We have to initialize our WebDriver instance, since I am using JUnit I have done it in @BeforeClass so it is automatically run before my test cases. You can also do this before every test case using @BeforeTest but it will be a lot slower because you will most probably do extra initialization than shown below. For example logging-in to web site.

[code language=”java”]
@BeforeClass
public static void init() {
driver = new ChromeDriver(); //init chrome driver
//driver = new FirefoxDriver(); //uncomment to use Firefox
driver.get("http://localhost:8080”); //url of website we like to test
driver.manage().window().setSize(new Dimension(1600, 900)); //resize browser window
//login to web site
}
[/code]

You will most probably want browser to automatically closed after your tests are completed. Add driver.quit() to your JUnit teardown method. If you do not each execution will left a new browser window open.

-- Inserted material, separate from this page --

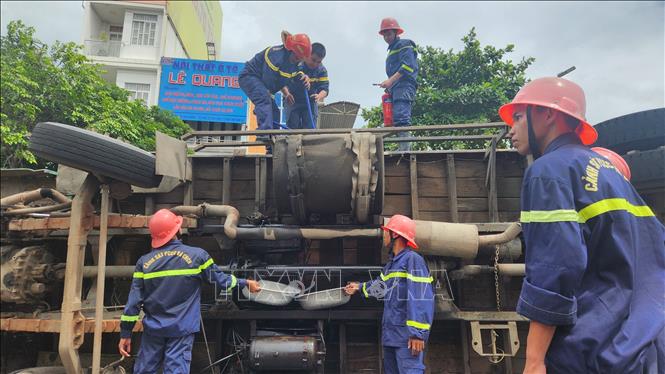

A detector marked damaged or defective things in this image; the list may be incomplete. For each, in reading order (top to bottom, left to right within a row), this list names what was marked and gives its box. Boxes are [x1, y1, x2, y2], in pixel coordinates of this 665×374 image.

overturned truck [1, 107, 664, 374]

[code language=”java”]@AfterClass
public static void teardown() {
driver.quit();
}
[/code]

Nowadays nearly all web applications will be loaded asynchronously. That mean when page is loaded the element you like to test will not be on the page, it will be generated by a JavaScript code. This makes writing test a little more difficult, you have to wait until related element is created by JavaScript code. I have writing a small helper function and reused it in my test code. It waits until given element (Specified using By) is available on the page and execute the given code block (Consumer) when the element is available:

[code language=”java”]public static void doWhenAvailable( WebDriver driver , By by , Consumer consumer ) {
( new WebDriverWait (driver, TIMEOUT_TIME ) ).until( ( WebDriver drv ) -&gt; driver.findElement( by ) != null ) ;
consumer.accept( driver.findElement( by ) ) ;
}[/code]

 

Using this method with Java 8 is very readable. For example below code waits until an element with id=“view_profile” is available on the page and when it is available just clicks on it.

[code language=”java”]
doWhenAvailable(driver, By.id("view_profile"), WebElement::click);
[/code]

Following code performs more complex operation when requested element is available. It wails until <select id=“ts_month_picker_selector” …..> select element is available on the page and select option element which has a value of “Jan”:

[code language=”java”]
doWhenAvailable(driver, By.id("ts_month_picker_selector"), (element) -&gt; {
Select select = new Select(element);
select.selectByValue(String.valueOf(“Jan"));
});
[/code]

You will mostly need to perform other asynchronous operations inside the callback and this will result into callback hell. I am still looking a way to promise style of chaining asynchronous operations.

Tips and Tricks

  • Give every HTML element a unique id field. This will allow you to specify elements easily in your test code.
  • Create a reusable small test library specific to your application. For example you should encapsulate logging-in to test system in a method and reuse that method from every test case.
  • Try to avoid time based waits with Thread.sleep() or any other sleep as much as possible. Because they will increate time to run your tests. But you will probably need this for some AJAX based code. In my case I need it for dynamically filled comboboxes which fills its content as you type. Otherwise you may get StaleElementReferenceException because your driver will be using a previous instance of the same visual element not the one on the page. Instead of sleep you may allow StaleElementReferenceException to occur and re-fetch the element automatically. You can check details from here.
  • At the end of the test if test fails take a screenshot automatically. I will explain it in another post.